WORK INSTRUCTION |
Search the records for the string "Chapter" and report how many lines contain it, with nothing else.

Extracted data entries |
=== Section Start ===
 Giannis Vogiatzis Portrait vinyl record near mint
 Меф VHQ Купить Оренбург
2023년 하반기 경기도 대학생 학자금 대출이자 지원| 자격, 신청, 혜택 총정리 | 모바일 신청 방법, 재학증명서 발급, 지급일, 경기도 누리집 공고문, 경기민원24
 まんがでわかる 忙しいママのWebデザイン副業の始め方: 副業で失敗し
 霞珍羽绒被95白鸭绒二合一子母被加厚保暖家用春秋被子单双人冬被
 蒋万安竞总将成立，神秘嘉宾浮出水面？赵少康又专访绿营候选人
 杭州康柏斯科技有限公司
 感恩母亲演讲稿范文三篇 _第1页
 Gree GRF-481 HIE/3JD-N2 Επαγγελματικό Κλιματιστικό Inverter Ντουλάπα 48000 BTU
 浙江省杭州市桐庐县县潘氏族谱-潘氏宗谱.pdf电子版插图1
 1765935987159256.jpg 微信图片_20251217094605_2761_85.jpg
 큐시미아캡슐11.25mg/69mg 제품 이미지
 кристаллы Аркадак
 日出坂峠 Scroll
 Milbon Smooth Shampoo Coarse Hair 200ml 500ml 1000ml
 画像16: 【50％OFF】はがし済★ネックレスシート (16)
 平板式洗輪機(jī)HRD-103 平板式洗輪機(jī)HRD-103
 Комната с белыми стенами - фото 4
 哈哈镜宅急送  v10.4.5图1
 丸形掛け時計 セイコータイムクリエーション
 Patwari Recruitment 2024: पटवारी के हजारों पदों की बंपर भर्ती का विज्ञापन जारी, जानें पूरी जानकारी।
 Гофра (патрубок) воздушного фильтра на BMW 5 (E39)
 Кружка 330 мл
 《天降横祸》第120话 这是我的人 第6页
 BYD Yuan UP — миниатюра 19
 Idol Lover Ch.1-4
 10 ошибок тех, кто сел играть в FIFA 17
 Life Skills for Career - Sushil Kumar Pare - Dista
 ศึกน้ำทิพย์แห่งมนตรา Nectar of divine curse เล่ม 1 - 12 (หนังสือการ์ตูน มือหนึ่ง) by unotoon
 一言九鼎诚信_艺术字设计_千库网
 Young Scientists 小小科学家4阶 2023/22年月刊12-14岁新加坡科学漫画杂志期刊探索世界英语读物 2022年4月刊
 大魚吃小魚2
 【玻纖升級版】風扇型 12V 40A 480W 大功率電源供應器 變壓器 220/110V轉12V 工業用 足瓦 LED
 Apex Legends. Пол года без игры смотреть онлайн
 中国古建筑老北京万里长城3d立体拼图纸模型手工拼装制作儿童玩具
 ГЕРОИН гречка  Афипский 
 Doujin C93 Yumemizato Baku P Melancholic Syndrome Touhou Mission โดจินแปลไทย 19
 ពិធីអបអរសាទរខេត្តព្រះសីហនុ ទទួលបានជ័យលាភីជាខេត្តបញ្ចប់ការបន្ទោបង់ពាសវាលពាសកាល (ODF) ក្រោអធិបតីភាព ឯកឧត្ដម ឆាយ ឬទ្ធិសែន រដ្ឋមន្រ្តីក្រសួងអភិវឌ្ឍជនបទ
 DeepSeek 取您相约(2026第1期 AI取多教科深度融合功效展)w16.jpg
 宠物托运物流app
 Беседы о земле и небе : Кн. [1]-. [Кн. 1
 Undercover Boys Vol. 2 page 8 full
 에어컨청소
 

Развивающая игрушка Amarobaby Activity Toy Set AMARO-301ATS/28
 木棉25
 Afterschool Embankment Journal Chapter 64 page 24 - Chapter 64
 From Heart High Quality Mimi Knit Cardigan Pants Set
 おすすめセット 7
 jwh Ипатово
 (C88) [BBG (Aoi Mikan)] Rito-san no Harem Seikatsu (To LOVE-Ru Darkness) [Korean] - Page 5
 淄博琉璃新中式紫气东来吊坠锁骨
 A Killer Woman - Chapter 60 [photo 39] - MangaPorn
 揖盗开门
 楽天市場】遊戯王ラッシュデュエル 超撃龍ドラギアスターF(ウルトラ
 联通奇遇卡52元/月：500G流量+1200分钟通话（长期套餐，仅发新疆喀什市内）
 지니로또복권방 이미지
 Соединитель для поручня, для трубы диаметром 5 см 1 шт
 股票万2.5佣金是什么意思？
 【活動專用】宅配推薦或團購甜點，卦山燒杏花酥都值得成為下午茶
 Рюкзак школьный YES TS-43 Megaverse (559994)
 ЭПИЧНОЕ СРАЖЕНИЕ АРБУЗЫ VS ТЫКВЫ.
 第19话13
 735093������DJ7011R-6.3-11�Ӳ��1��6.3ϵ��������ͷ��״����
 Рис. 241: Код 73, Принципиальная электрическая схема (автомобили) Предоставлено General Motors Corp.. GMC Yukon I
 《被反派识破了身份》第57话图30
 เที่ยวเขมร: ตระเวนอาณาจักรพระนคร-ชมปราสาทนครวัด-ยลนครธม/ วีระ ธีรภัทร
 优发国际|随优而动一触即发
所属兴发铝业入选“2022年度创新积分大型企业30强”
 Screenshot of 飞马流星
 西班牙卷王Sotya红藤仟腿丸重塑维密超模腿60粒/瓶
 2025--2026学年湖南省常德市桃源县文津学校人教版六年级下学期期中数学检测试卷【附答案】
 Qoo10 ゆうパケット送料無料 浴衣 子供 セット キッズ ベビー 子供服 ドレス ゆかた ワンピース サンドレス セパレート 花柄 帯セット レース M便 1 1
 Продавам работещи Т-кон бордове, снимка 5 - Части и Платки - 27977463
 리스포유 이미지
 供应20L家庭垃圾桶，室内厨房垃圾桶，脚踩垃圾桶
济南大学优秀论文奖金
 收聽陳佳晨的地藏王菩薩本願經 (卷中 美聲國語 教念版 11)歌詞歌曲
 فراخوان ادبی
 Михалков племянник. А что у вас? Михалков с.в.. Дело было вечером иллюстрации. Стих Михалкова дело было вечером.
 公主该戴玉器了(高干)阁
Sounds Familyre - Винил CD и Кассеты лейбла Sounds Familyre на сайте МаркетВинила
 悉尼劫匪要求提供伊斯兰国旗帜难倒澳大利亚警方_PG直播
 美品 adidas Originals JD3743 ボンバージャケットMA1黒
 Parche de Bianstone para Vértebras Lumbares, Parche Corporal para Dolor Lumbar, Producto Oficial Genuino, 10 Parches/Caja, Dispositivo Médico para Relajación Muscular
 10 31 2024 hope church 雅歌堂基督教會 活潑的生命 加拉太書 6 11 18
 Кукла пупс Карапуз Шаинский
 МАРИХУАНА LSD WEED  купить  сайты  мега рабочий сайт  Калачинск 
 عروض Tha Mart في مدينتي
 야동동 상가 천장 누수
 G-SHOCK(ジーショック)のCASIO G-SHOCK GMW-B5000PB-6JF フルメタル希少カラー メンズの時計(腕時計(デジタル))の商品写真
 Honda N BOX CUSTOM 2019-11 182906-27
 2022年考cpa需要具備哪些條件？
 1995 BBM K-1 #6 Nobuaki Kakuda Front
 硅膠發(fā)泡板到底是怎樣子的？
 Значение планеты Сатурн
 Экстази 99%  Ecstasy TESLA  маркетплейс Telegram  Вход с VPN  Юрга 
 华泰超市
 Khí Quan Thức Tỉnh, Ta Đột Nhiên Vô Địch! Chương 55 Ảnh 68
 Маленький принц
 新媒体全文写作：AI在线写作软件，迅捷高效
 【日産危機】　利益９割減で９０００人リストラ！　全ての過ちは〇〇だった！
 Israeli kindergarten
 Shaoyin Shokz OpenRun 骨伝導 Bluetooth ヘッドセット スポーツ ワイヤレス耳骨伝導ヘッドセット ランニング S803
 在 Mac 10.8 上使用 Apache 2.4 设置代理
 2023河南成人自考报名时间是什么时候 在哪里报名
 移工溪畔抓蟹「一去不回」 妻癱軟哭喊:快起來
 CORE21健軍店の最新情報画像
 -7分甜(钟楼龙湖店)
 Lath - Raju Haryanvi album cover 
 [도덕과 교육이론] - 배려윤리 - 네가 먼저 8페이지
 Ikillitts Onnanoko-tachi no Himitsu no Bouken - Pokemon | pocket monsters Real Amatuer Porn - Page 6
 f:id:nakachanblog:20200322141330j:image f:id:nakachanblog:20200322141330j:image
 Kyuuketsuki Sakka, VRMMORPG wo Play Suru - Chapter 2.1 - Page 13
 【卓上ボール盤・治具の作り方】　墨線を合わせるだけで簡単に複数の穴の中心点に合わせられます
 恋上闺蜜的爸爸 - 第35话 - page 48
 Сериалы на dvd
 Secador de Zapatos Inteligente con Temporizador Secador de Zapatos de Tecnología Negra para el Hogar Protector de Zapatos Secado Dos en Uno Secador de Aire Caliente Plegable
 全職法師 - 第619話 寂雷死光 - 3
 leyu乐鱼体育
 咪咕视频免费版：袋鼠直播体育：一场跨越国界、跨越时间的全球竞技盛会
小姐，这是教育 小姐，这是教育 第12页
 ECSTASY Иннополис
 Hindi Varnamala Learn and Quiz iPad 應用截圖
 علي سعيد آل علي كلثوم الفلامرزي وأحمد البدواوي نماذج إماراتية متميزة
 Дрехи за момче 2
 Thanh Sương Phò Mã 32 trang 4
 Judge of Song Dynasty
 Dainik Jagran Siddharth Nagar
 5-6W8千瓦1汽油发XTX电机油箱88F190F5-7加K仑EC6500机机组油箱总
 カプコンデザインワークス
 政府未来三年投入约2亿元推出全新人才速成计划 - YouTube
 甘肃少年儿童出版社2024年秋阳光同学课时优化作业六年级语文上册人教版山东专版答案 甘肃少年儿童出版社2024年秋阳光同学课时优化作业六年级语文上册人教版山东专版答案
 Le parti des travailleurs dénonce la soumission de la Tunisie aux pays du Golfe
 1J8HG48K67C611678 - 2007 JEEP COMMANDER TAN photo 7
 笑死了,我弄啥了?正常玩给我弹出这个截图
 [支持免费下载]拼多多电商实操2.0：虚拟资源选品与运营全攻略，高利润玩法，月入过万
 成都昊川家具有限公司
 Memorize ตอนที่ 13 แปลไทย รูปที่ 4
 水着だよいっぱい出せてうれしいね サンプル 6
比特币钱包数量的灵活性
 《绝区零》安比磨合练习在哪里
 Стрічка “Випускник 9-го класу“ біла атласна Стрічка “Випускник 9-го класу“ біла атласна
=== Section End ===
ANSWER TO THIS PROBLEM |
3